BEGIN
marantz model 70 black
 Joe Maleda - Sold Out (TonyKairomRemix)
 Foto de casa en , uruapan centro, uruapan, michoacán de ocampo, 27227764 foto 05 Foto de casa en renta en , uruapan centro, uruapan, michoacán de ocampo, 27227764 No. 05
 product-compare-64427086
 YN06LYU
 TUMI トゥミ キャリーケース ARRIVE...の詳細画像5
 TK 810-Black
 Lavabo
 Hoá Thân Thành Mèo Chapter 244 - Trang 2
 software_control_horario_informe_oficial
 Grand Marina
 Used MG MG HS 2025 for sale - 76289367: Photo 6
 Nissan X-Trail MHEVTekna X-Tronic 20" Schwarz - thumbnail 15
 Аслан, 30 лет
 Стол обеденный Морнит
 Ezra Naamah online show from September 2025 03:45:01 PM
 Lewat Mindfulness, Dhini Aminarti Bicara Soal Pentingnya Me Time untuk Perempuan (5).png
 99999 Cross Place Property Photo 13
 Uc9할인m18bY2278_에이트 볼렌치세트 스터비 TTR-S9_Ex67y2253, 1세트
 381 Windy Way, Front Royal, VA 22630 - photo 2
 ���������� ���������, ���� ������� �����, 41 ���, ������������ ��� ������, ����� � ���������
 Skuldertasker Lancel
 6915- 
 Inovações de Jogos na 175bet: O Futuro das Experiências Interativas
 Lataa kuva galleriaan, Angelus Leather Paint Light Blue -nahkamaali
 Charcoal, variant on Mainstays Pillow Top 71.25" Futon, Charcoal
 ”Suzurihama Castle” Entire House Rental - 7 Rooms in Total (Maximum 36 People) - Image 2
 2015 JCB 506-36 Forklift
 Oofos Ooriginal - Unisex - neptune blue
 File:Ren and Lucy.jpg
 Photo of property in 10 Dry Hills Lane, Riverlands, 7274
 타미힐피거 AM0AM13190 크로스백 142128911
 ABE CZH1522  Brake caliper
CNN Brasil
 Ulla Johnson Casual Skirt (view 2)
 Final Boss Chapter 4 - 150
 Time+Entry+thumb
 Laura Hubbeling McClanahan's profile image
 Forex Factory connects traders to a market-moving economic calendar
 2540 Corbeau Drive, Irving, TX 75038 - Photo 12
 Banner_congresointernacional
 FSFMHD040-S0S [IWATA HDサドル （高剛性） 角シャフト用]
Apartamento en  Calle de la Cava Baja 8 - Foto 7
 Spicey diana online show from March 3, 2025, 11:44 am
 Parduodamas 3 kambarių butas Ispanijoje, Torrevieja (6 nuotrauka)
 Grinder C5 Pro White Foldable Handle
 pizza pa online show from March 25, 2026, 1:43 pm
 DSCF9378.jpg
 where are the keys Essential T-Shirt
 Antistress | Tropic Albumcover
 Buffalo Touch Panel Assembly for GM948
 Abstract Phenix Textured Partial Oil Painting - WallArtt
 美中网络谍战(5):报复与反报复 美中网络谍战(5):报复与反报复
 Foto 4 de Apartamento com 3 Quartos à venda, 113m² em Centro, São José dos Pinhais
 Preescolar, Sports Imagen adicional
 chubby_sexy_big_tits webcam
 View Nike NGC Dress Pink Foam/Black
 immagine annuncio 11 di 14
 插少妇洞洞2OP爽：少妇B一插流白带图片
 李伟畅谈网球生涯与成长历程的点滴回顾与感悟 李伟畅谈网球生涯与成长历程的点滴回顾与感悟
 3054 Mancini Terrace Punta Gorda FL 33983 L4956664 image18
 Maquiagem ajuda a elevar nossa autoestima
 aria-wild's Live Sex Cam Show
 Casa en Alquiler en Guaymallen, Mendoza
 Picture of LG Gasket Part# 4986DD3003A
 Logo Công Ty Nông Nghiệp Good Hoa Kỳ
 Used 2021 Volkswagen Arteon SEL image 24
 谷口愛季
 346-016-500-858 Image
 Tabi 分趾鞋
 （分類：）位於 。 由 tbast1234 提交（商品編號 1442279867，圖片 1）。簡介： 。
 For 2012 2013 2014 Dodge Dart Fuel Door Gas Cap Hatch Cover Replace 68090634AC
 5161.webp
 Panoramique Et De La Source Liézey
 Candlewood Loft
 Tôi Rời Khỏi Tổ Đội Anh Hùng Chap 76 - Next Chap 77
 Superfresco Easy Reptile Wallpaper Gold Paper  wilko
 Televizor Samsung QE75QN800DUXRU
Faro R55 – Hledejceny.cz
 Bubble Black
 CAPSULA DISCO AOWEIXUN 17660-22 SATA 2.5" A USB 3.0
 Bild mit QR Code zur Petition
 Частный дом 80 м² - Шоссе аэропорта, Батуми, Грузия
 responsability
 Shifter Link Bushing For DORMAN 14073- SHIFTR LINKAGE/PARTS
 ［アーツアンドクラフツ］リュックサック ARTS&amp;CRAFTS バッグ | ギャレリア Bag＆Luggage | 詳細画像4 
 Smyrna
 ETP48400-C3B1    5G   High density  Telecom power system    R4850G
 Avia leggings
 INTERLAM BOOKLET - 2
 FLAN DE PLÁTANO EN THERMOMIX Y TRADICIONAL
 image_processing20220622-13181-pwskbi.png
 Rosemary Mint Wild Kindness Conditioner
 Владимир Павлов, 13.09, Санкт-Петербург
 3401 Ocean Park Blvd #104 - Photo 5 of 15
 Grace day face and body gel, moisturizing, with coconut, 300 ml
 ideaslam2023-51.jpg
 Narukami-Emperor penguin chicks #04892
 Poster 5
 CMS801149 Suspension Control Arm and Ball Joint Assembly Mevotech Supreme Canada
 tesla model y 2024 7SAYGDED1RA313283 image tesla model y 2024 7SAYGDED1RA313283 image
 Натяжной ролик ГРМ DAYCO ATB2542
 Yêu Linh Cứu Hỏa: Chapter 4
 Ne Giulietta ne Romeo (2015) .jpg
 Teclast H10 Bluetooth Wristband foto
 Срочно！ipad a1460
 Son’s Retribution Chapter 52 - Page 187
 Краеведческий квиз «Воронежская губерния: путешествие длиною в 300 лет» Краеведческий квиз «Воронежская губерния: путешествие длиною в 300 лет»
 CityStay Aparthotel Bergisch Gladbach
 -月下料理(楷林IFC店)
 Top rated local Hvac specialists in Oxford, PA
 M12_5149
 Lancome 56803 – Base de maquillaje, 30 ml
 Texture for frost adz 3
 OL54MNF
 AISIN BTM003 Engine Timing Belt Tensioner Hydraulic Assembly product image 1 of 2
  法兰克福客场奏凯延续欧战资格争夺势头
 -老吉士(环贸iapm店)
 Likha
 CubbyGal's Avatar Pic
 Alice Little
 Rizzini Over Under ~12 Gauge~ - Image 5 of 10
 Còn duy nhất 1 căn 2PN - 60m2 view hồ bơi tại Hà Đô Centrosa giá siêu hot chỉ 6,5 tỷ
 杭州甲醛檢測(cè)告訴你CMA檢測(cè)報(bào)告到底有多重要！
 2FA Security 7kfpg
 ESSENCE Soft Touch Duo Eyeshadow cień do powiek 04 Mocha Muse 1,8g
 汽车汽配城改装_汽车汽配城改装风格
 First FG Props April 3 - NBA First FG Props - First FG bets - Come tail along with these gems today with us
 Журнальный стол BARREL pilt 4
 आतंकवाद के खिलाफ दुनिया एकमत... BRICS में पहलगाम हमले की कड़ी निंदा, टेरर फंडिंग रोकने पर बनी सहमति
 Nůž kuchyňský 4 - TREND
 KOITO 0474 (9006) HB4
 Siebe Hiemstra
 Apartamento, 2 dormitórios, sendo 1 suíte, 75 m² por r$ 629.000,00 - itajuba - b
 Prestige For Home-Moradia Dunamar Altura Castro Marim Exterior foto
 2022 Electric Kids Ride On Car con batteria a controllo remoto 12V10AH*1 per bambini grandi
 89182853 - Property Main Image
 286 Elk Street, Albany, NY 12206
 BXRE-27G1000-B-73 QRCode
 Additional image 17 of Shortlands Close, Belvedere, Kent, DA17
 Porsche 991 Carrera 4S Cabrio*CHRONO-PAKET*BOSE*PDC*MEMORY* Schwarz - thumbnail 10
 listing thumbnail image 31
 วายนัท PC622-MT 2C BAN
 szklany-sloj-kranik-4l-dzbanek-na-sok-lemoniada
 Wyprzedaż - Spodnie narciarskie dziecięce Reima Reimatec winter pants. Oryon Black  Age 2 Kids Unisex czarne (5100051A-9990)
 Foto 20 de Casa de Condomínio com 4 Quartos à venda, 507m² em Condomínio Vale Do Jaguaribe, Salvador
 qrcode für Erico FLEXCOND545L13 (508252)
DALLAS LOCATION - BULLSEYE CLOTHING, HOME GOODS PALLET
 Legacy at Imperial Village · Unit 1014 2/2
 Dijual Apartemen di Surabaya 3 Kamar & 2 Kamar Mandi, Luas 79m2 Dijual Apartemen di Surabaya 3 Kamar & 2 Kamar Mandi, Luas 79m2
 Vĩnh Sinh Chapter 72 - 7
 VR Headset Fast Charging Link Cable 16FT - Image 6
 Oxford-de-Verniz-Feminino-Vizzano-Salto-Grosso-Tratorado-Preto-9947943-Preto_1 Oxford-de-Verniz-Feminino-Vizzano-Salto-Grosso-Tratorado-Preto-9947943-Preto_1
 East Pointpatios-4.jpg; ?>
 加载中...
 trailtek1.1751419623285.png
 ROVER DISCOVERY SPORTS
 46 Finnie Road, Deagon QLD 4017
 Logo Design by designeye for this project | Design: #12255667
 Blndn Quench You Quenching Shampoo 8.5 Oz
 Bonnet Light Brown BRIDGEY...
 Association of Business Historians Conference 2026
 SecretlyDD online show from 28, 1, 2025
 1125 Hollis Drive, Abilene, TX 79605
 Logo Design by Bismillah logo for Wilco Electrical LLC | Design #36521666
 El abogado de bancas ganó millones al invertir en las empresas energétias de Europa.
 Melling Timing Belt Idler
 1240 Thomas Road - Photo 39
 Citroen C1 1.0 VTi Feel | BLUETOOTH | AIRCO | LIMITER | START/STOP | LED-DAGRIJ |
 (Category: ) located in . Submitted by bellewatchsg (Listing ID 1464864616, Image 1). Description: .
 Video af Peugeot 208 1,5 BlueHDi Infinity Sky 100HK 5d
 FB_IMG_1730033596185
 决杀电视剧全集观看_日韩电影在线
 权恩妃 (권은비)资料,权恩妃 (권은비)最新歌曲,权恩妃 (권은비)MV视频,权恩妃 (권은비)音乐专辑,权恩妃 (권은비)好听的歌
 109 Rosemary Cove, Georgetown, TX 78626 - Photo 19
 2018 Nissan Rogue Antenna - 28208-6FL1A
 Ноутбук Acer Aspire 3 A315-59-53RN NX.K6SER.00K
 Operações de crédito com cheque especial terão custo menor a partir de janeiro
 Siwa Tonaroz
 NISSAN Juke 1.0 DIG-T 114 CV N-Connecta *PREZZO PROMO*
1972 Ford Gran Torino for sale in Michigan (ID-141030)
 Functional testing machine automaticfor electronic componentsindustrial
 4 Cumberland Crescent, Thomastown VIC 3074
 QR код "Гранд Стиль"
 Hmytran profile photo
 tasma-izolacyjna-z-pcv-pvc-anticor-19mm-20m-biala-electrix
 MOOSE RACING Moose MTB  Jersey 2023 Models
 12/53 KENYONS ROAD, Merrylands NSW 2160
END
> What the exercise asks
Write the opening line of the data above and every line after it, exactly, stopping once you have written the line with "99999 Cross Place Property Photo 13".

> Result of this exercise
marantz model 70 black
 Joe Maleda - Sold Out (TonyKairomRemix)
 Foto de casa en , uruapan centro, uruapan, michoacán de ocampo, 27227764 foto 05 Foto de casa en renta en , uruapan centro, uruapan, michoacán de ocampo, 27227764 No. 05
 product-compare-64427086
 YN06LYU
 TUMI トゥミ キャリーケース ARRIVE...の詳細画像5
 TK 810-Black
 Lavabo
 Hoá Thân Thành Mèo Chapter 244 - Trang 2
 software_control_horario_informe_oficial
 Grand Marina
 Used MG MG HS 2025 for sale - 76289367: Photo 6
 Nissan X-Trail MHEVTekna X-Tronic 20" Schwarz - thumbnail 15
 Аслан, 30 лет
 Стол обеденный Морнит
 Ezra Naamah online show from September 2025 03:45:01 PM
 Lewat Mindfulness, Dhini Aminarti Bicara Soal Pentingnya Me Time untuk Perempuan (5).png
 99999 Cross Place Property Photo 13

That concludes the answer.